How does MSN Search stack up to Google and Yahoo!

February 8th, 2005

by

Originally published in MarketingProfs

With Microsoft throwing its hat into the ring alongside Google and Yahoo!, consumers as well as search marketers have more choices.

Choices and competition are good for the marketplace. But, for search marketers, along with more choices comes potential confusion — about what works and what doesn’t work on each engine.

I’ve assembled this side-by-side comparison of the top three search engines to serve as a quick reference sheet about each engine’s strengths, weaknesses, acceptance of search engine optimization best practices, and tolerance levels for SEO worst practices:

MSN Google Yahoo!
Recommended Practices
Keyword-rich title tags Yes Yes Yes
Keyword-rich body copy Yes Yes Yes
Links from “important” sites Yes Yes Yes
Keyword-rich link text Yes Yes Yes

Practices to Avoid
Complex URLs >5 parameters >6 parameters Unknown, but less tolerant than Google and MSN Search
Frames To a degree (but orphan frames are common) To a degree (but orphan frames are common) To a degree (but orphan frames are common)
JavaScript-based links No To a degree To a degree
Too many links per page Unknown >100 links Unknown
Page is too many clicks away from home page >7 clicks Unknown Unknown
Automated queries Currently not discouraged Excessive queries from an IP address can result in the IP being blocked; violates Google’s ToS unless using Google’s API Excessive queries from an IP address are ignored

Vital Statistics
Amount of page indexed 150K 101K 150K (500K for PDFs)
Default no. of results per page 10 10 20
Size of index 5 billion documents 8 billion documents undisclosed
Market share 15% 45% 32%

Querying
inurl: No Yes Yes
filetype: No Yes Yes
link: Yes Yes (but results are only a sampling) Yes
Linkdomain: No No Yes
Boolean logic (+, OR, -) Yes Yes Yes
Local search “Near Me” (currently very limited) Google Local Yahoo! Local
Reordering the search results Yes (by freshness, popularity, exactness of match) No No
Query word limit No limit 32 words No limit
Results via RSS Yes No Yes (Yahoo! News only)

Keyword-Rich Title Tags

The text within your page title (also known as the title tag) is given more weight by the search engines than any other text on the page. The keywords at the beginning of the title tag are given the most weight. So, by leading with keywords that are relevant to your business and popular with searchers, you make your page appear more relevant to those keywords in a search.

Keyword-Rich Body Copy

Relevant and popular keywords should also be included in the page’s body copy, particularly near the top of the HTML, as they will then be weighted more heavily by the search engines. Be careful not to go overboard — that is, to the point that your copy doesn’t read well. Ideally, incorporate at least 200 to 250 words on each page so the search engines have enough content to determine the theme of the page.

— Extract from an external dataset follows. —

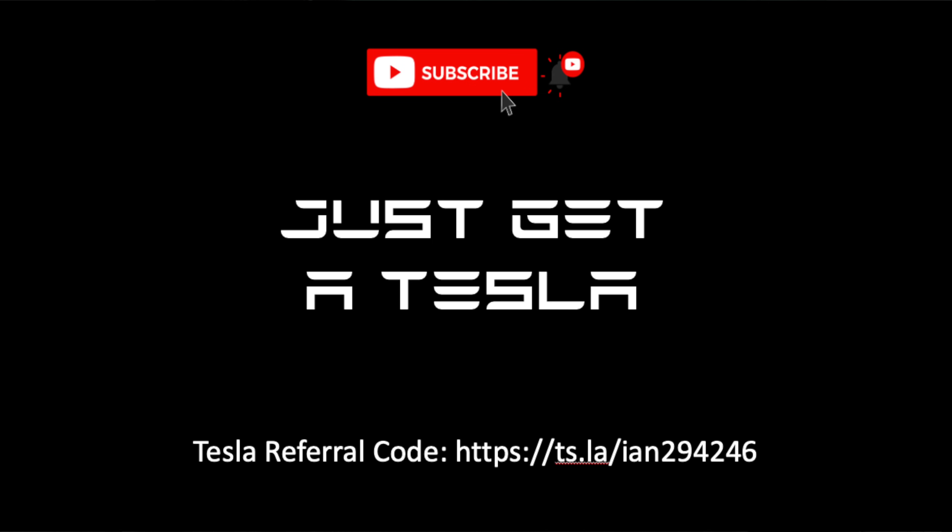Hello again YouTube and welcome back to Just Get a Tesla. On this week's video we are once again going to talk about range, because Tesla are doing something really dumb. If you've seen my previous video on range, you'll know that the mileage display on the main parts of the screen in your Tesla is wrong — it is test range, not real range. And that's what I think is relevant to most people: how far will my car go when I drive it, not when the laboratory test drives it?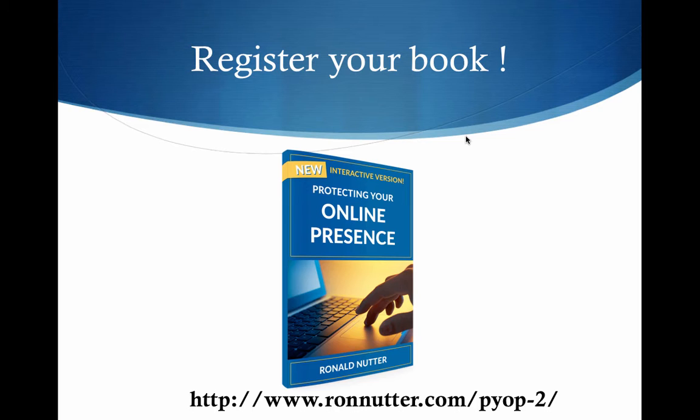If you haven't already registered your book, please do so now by going to www.ronnutter.com/PYOP-2. This will let me stay in touch with you as I come out with enhancements to the book, or if I come out with a detailed video course walking you through everything step by step. It's just a matter of what I hear from you that you'd like to see me do as a next step in this series, because as more sites get added, I will probably make those available in a second book or through some other means.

Links From ‘Important’ Sites

“Link popularity” — the number of links that point to your site — is a key criterion that search engines use for ranking pages, but with an important twist: there’s a weighting factor placed on each link to take into account the importance of the page linking to you. Think of each link as a “vote.” But this isn’t a democracy: a “vote” for your site from CNN.com is worth much more than a “vote” from Jim-Bob’s personal home page. Google has given a trademarked name to this importance-scoring algorithm: PageRank. Both MSN Search and Yahoo! appear to use similar importance scoring systems. Accordingly, links from “important” sites are of critical importance to your search visibility.

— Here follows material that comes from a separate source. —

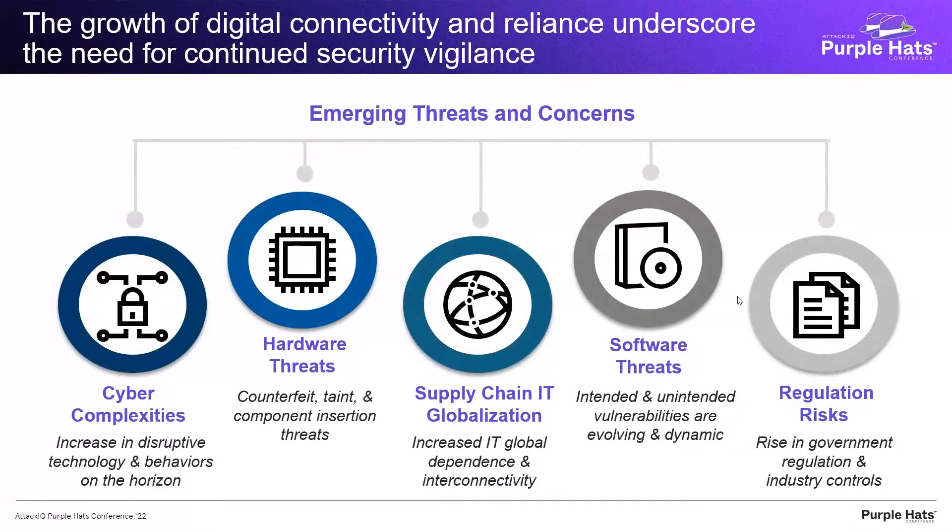As we all know, these past couple of years there's been not only a growth in digital connectivity and the reliance on systems that are all joined together in our businesses and our world, but with that also come the emerging threats — whether it's the complexities of our cyber environments, hardware threats targeting our supply chains, software threats in what we call the digital supply chain, or regulation risk. There are a lot of emerging threats impacting organizations around the world, and specifically we'll draw attention to an area that hasn't always been highlighted: the supply chain.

Keyword-Rich Text in the Links From These Sites

Search engines, MSN Search included, associate the anchor text in the hyperlink as highly relevant to the page being linked to. So use good keywords in the link text to help the engine better ascertain the theme of the page you are linking to. Keep the link text relatively succinct and tightly focused on just one keyword or key phrase. The longer the link text, the more diluted the overall theme being conveyed.

Complex URLs

Search engines are cautious of pages that are dynamically generated, because the search engine spider could end up in an infinite loop known as a “spider trap.” The search engine can tell if the page is dynamic by the appearance of a question mark (?) or the text “cgi-bin” in the URL.

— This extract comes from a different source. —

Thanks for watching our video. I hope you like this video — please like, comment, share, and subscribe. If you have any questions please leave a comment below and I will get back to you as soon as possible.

The part of the URL after the question mark is known as the “query string,” which can consist of one or many parameters. Each parameter consists of a name and a value, separated by an equal sign (=). Each parameter is separated by an ampersand (&). The more parameters in a URL, the more likely that the search engine will end up in a “spider trap”; that is, the URLs keep changing but the content is the same as other pages that have already been spidered. MSN Search’s tolerance level is six parameters — in other words, five ampersands.

Frames

Search engines have problems crawling sites that use frames (i.e., part of the page moves when you scroll but other parts stay stationary). According to Google, “Frames tend to cause problems with search engines, bookmarks, emailing links and so on, because frames don’t fit the conceptual model of the Web (every page corresponds to a single URL).”

Furthermore, if a frame does get indexed, searchers clicking through to it from search results will often find an “orphaned page”: a frame without the content it framed, or content without the associated navigation links in the frame it was intended to display with. Often, they will simply find an error page.

Javascript-Based Links

If you expect search engine spiders to execute JavaScript code (or Flash or Java) to access links to further pages within your site, you’ll often be disappointed with the results. Google and Yahoo! have a limited ability to deal with JavaScript. But, nonetheless, it’s not a search engine friendly way to go.

Too Many Links Per Page

Google cautions: “Keep the links on a given page to a reasonable number (fewer than 100).” What’s the consequence of not heeding Google’s advice? No one’s entirely sure, but it could include a significant discounting of the PageRank voting power of the page containing all the links. In any event, it’s best to keep to fewer than 100 links per page just for usability/readability alone.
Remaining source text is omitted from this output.